Input data.

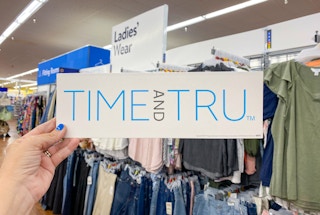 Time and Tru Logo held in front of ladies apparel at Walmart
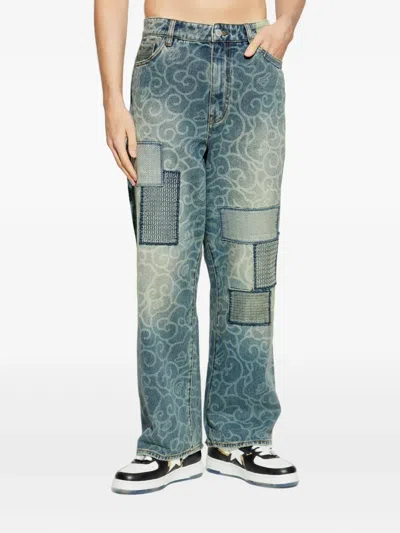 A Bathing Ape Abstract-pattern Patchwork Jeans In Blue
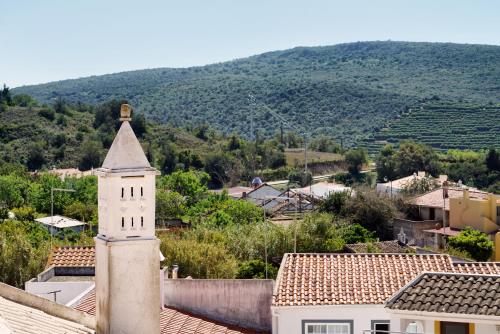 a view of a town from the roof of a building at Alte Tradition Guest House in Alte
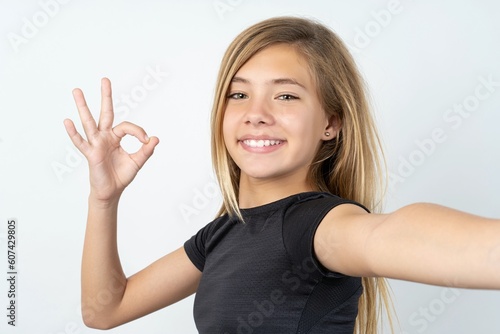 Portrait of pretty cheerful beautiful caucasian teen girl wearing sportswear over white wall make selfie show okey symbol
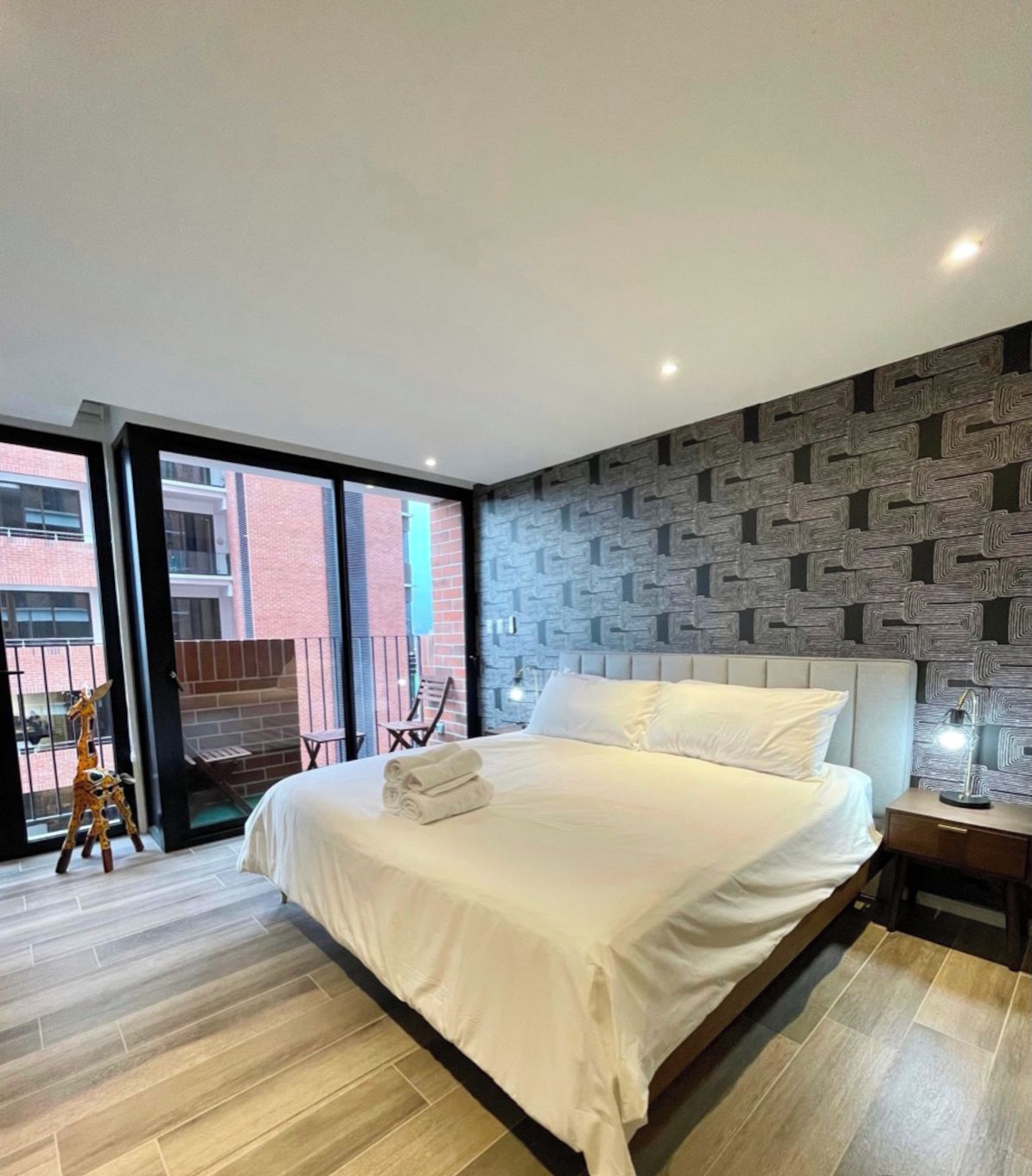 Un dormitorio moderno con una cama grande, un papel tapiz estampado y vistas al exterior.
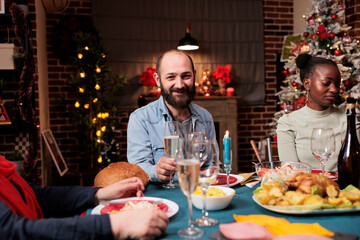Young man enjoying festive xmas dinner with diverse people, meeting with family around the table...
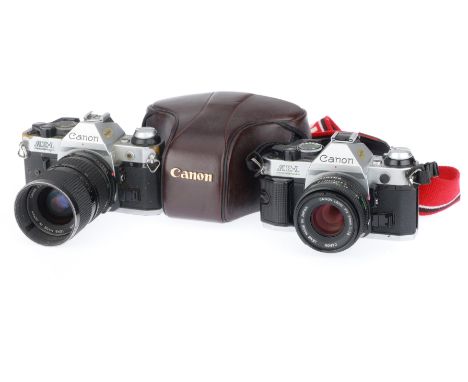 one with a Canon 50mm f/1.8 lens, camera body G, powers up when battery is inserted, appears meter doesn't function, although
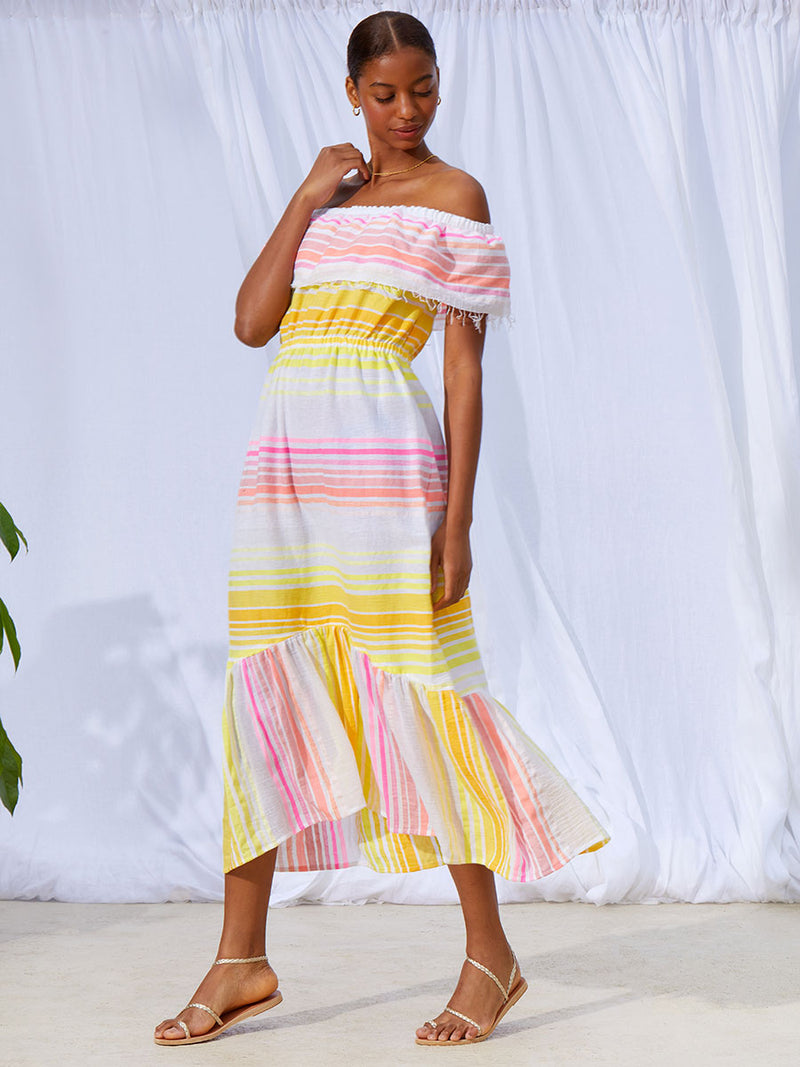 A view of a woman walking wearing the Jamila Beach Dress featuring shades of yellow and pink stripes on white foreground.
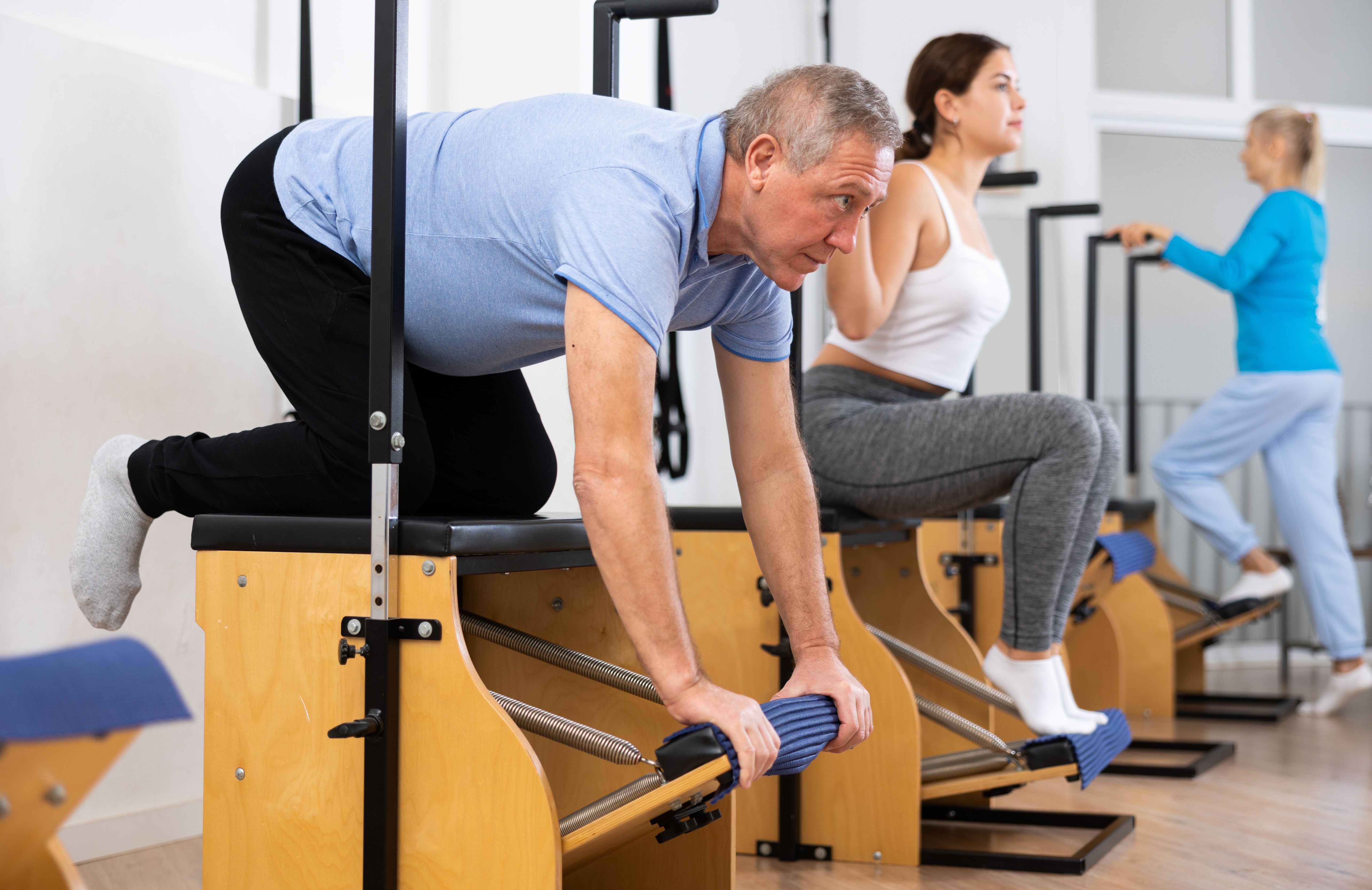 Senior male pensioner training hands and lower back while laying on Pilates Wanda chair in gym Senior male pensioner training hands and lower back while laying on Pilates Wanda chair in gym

Aim of the exercise. Everything in the listing, except its images, should be set down exactly.

Exercise solution.
 Time and Tru Logo held in front of ladies apparel at Walmart
 A Bathing Ape Abstract-pattern Patchwork Jeans In Blue
 a view of a town from the roof of a building at Alte Tradition Guest House in Alte
 Portrait of pretty cheerful beautiful caucasian teen girl wearing sportswear over white wall make selfie show okey symbol
 Un dormitorio moderno con una cama grande, un papel tapiz estampado y vistas al exterior.
Young man enjoying festive xmas dinner with diverse people, meeting with family around the table...
 one with a Canon 50mm f/1.8 lens, camera body G, powers up when battery is inserted, appears meter doesn't function, although
 A view of a woman walking wearing the Jamila Beach Dress featuring shades of yellow and pink stripes on white foreground.
 Senior male pensioner training hands and lower back while laying on Pilates Wanda chair in gym Senior male pensioner training hands and lower back while laying on Pilates Wanda chair in gym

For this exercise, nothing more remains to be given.